(Work to be completed): Since the records include pictures, leave those out while you reproduce exactly and only the lines from the one containing "Sacred Spaces - Episode" through the one containing "The Shortest Answer Is Doing T-Shirt", inclusive.

Start of Available data

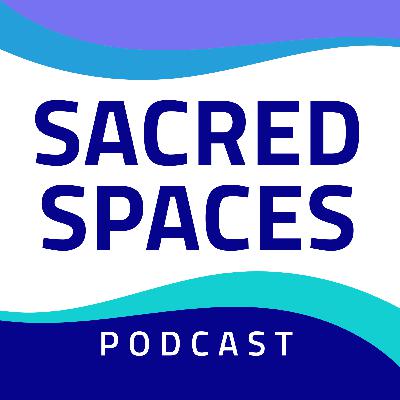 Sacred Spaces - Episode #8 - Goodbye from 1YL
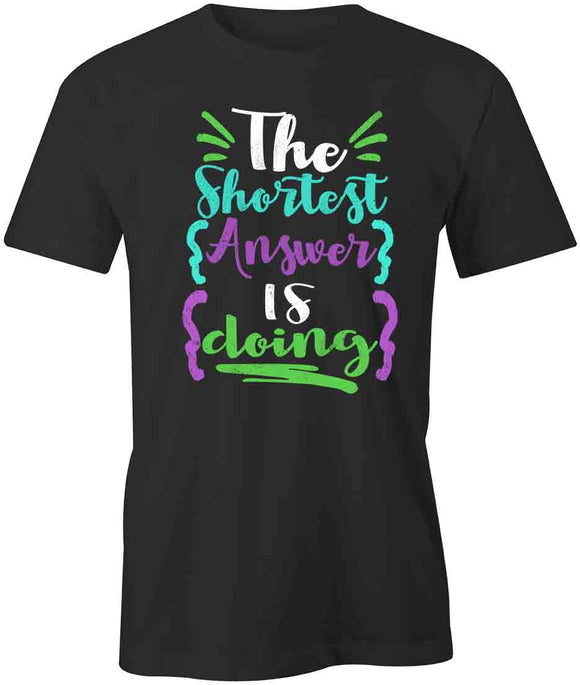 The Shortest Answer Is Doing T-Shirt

End of Available data
Start of Available data

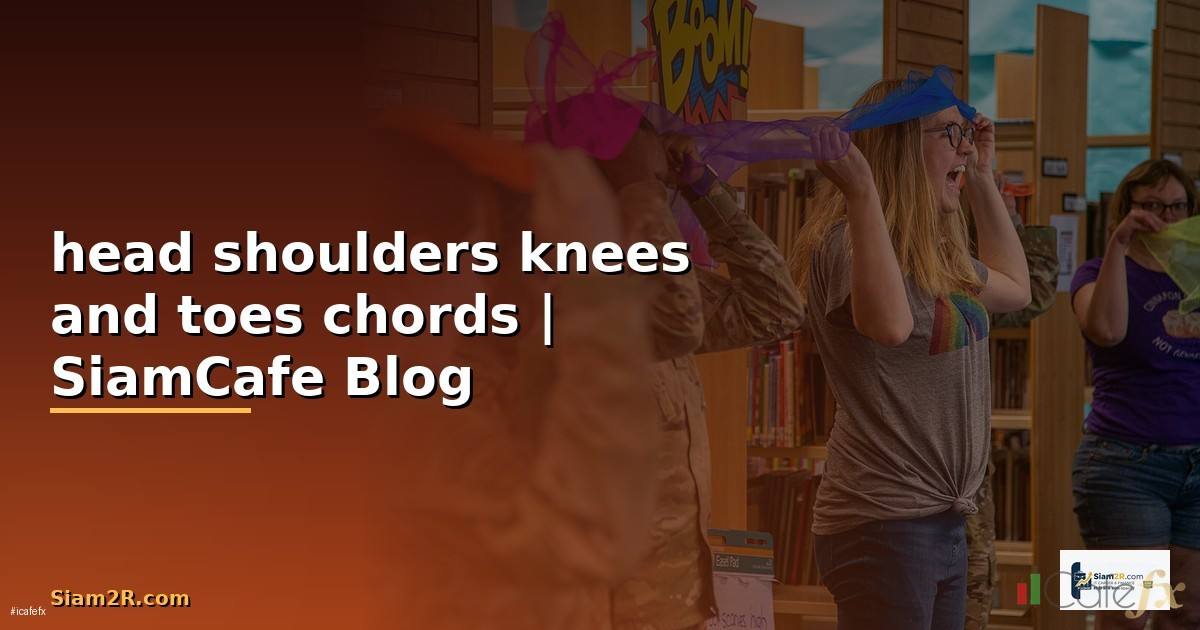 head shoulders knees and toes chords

End of Available data

(Exercise solution):
 Sacred Spaces - Episode #8 - Goodbye from 1YL
 The Shortest Answer Is Doing T-Shirt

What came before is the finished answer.